== Data ==

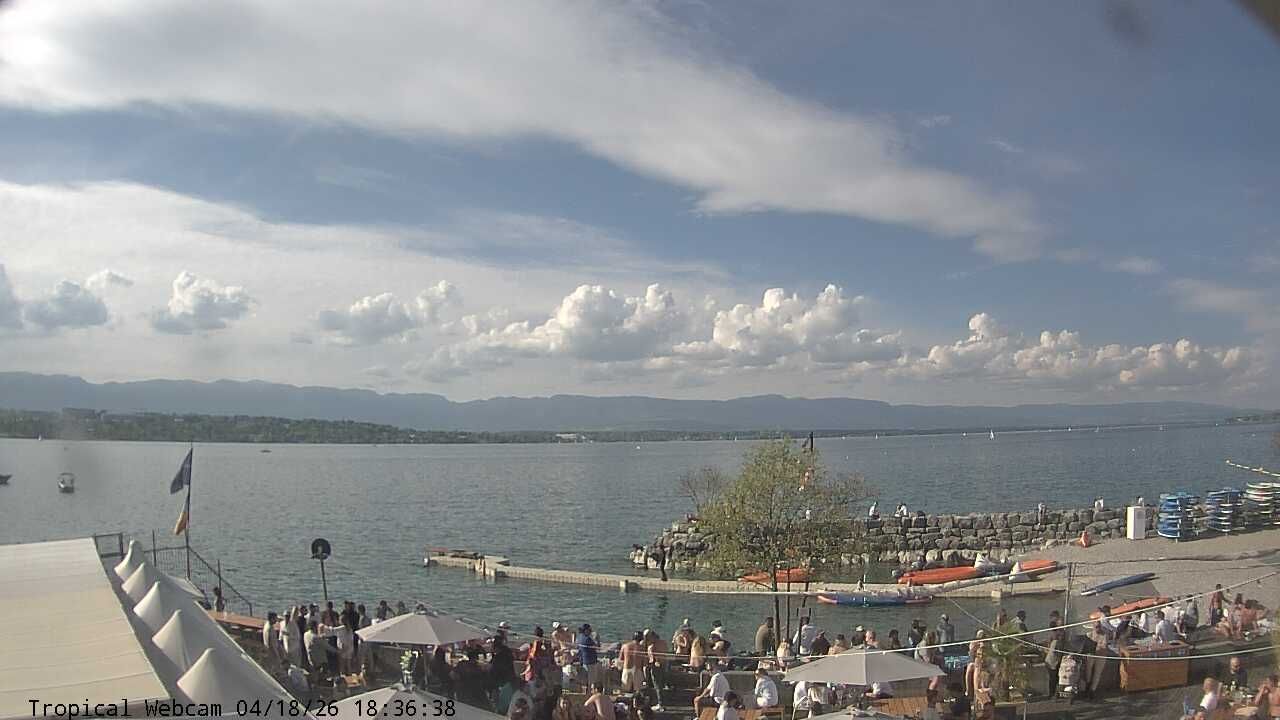 Cologny: Tropical Corner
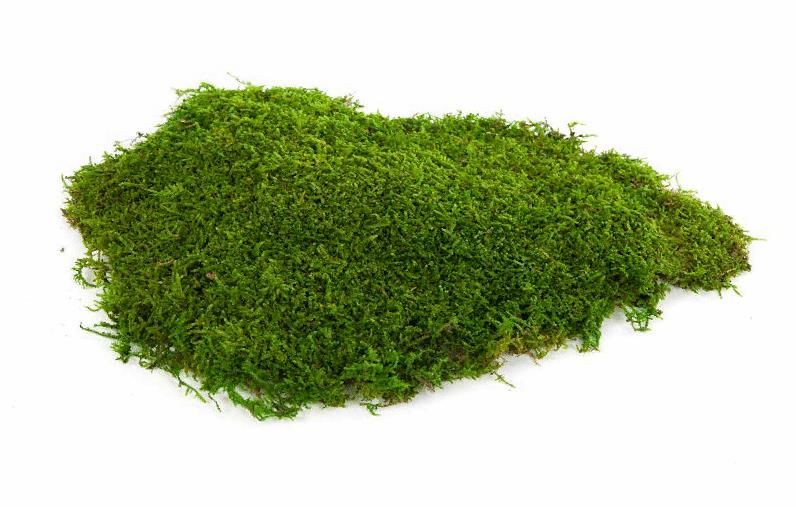 Мох Плантмос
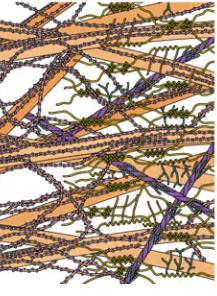 Ty jsou tvořené ligninem, který ucpává póry ve stěně ke xylému endodermis k povrchu kořene látky nemohou projít látky mohou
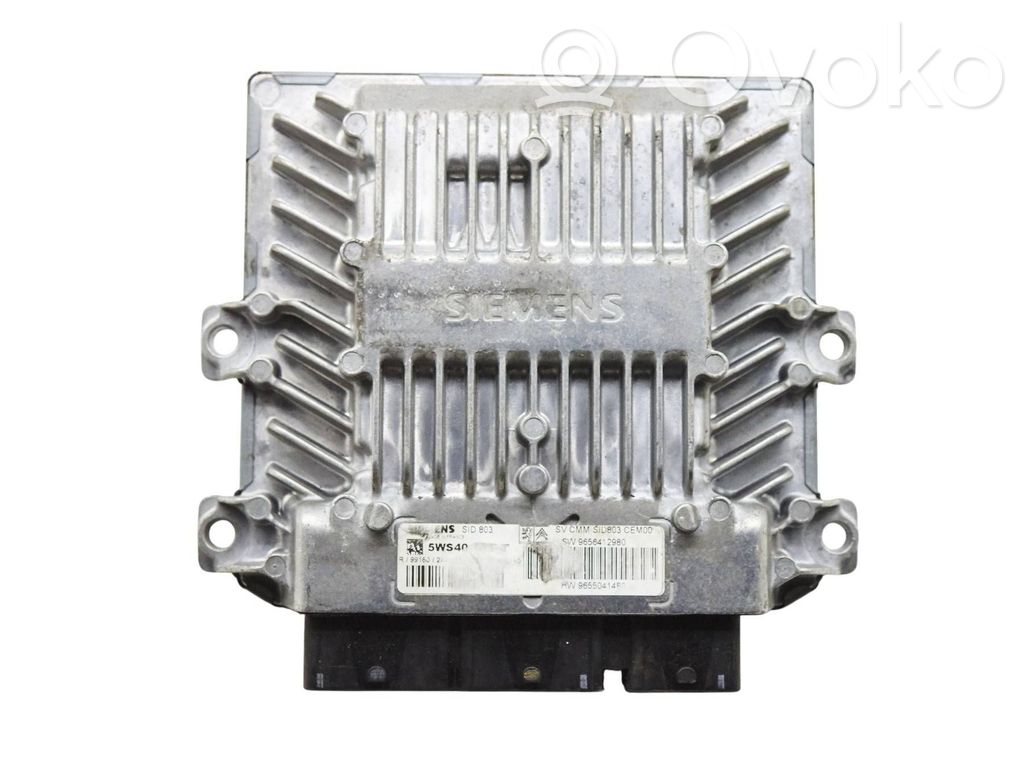 Peugeot 407 Engine control unit/module 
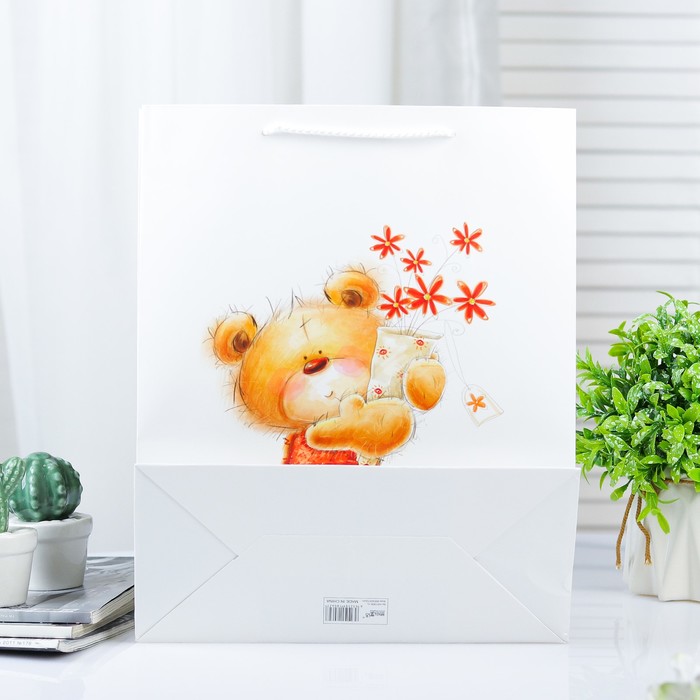 Пакет ламинированный 31 х 12 х 42 см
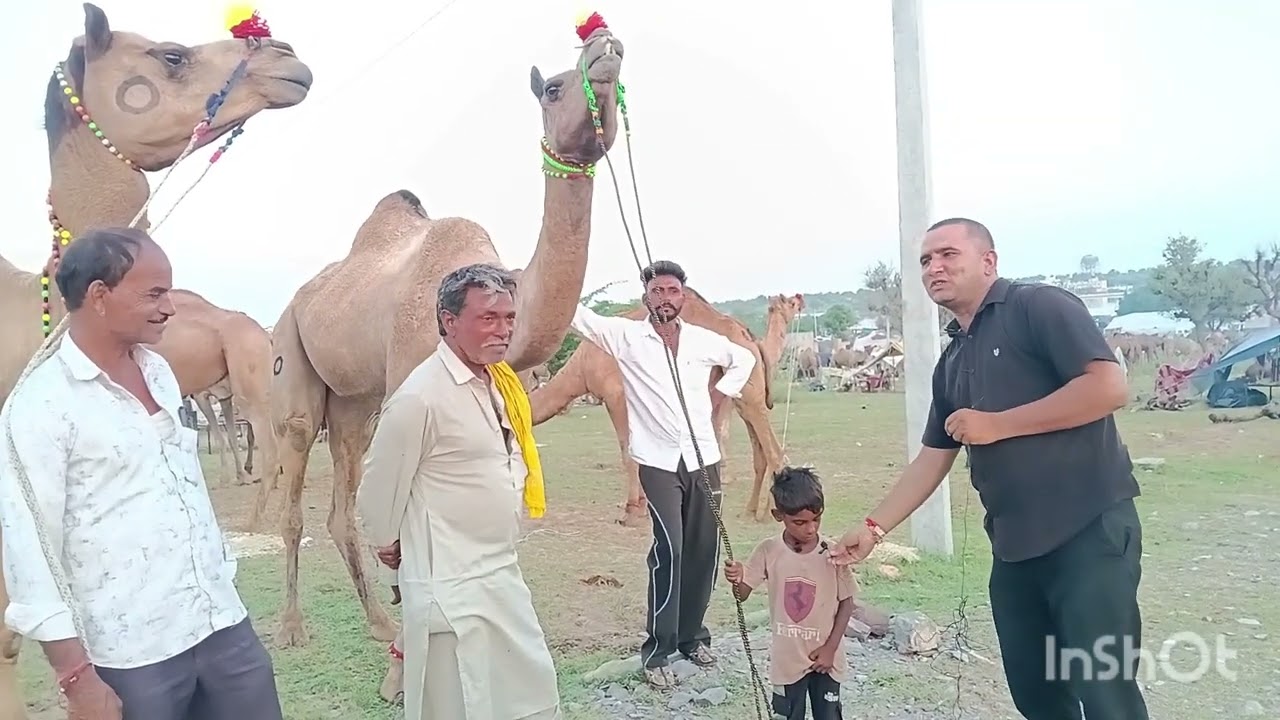 #डीडवाना #पशु #मेला #didwana #pashu #mela 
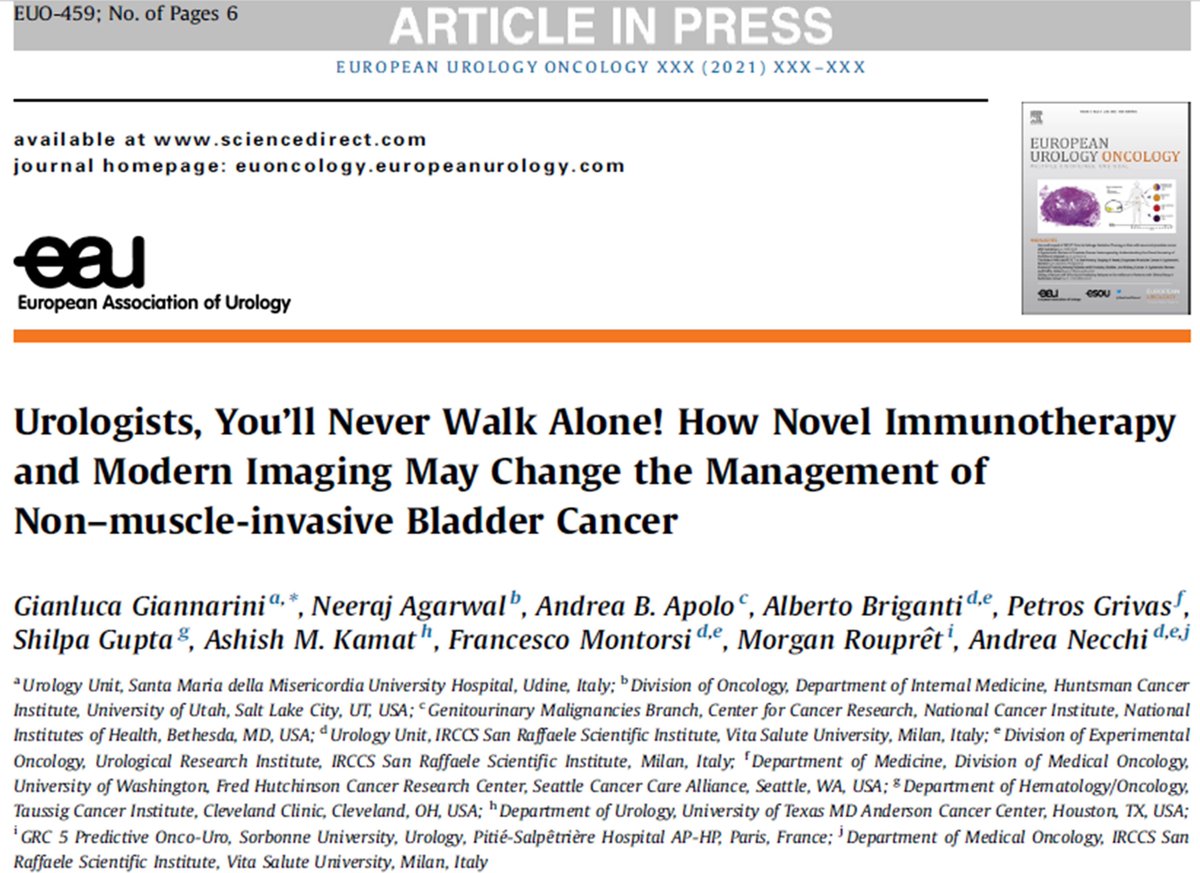 Urologists, you’ll never walk alone! #NMIBC #bladdercancer sciencedirect.com/science/articl… @AndreaNecchi & I are extremely grateful to @neerajaiims @apolo_andrea @albertobrigant1 @PGrivasMDPhD @shilpaonc @UroDocAsh @F_Montorsi @MRoupret for having supported our idea now on @EurUrolOncol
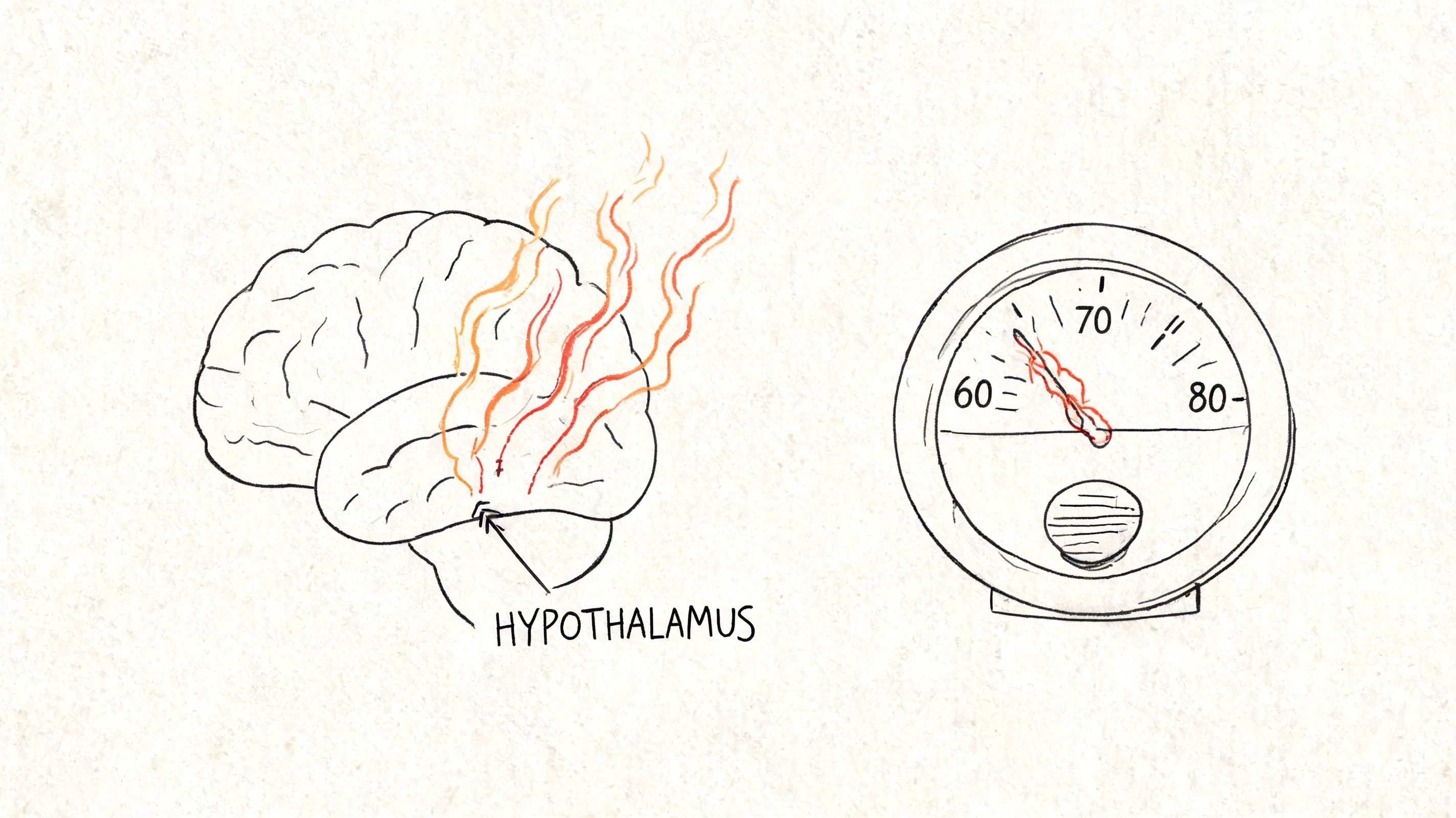 A diagram showing the hypothalamus in the brain linked to a temperature gauge representing hot flashes.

== Work order ==
Word for word, restate the whole listing and drop the images.

== Task solution ==
 Cologny: Tropical Corner
 Мох Плантмос
 Ty jsou tvořené ligninem, který ucpává póry ve stěně ke xylému endodermis k povrchu kořene látky nemohou projít látky mohou
 Peugeot 407 Engine control unit/module 
 Пакет ламинированный 31 х 12 х 42 см
 #डीडवाना #पशु #मेला #didwana #pashu #mela 
 Urologists, you’ll never walk alone! #NMIBC #bladdercancer sciencedirect.com/science/articl… @AndreaNecchi & I are extremely grateful to @neerajaiims @apolo_andrea @albertobrigant1 @PGrivasMDPhD @shilpaonc @UroDocAsh @F_Montorsi @MRoupret for having supported our idea now on @EurUrolOncol
 A diagram showing the hypothalamus in the brain linked to a temperature gauge representing hot flashes.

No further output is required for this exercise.